Abstract:
Relation extraction is a key task in text data mining, whose technical goal is to mine triplet information composed of entities and semantic relations between them. The problem of overlapping relationships is currently a difficult issue in the field of relationship extraction. The hierarchical cascading tagging strategy has shown remarkable performance in solving this problem. However, BERT (Bidirectional Encoder Respresentations from Transformers) is only used as the feature input for the subject labeling module, and no relevant feature mining is performed on the identified subjects, resulting in the problem of missing features. Aiming at the above shortcoming, this paper proposes a dynamic hierarchical cascade tagging model for Chinese overlapping relation extraction (RWG-LSA).

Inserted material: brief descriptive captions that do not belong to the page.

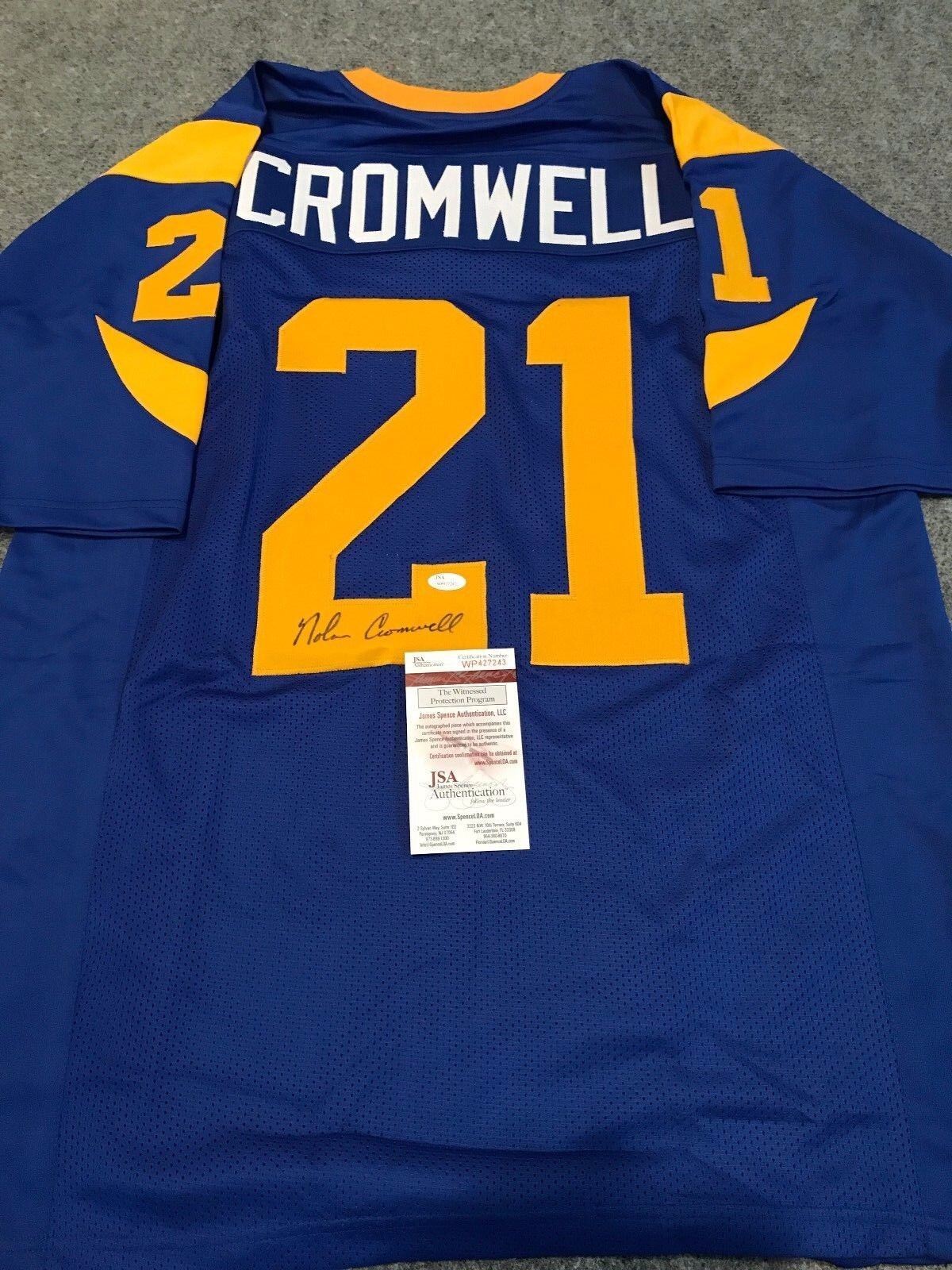 Nolan Cromwell Autographed Signed L.A. Rams Jersey Jsa Coa – MVP Authentics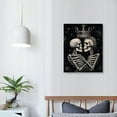 thumbnail image 3 of Nawypu Gothic Macabre Art Sugar Skull The Kissing Lovers Canvas Wall Art Prints Artwork Signs Framed for Goth Home Porch Wall Decor Bedroom Living Room Decor,Couples Skull Lovers Gifts, 3 of 4
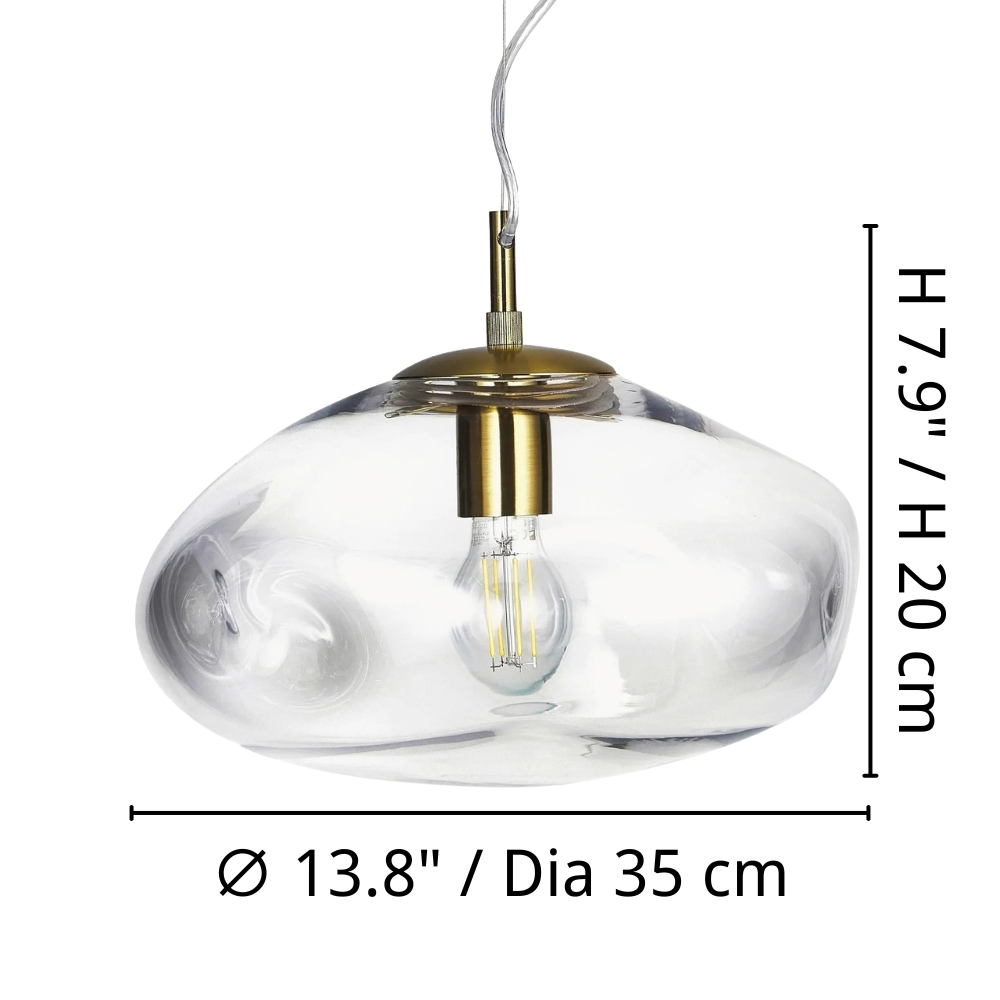 Afmetingen Glissora hanglamp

Firstly, a dynamic character-word fusion feature learning model (RWG) is constructed based on RoBERTa-wwm-ext (A Robustly Optimized BERT Pre-training Approach-whole word masking-extended), WoBERT (Word BERT) and gated mechanism, effectively avoiding the problems of missing features in the subject tagging module and inability to perform parallel computation. Secondly, dynamic weight local self-attention (LSA) is introduced to autonomously learn subject-level semantic information. Finally, on the basis of effectively integrating the global and local features of the input text, the RWG-LSA model is implemented to extract entity pairs and relationships from the text. The experimental results on the SKE Chinese dataset show that this model is significantly effective in extracting overlapping relationships, with an
F1 value of 82.44%.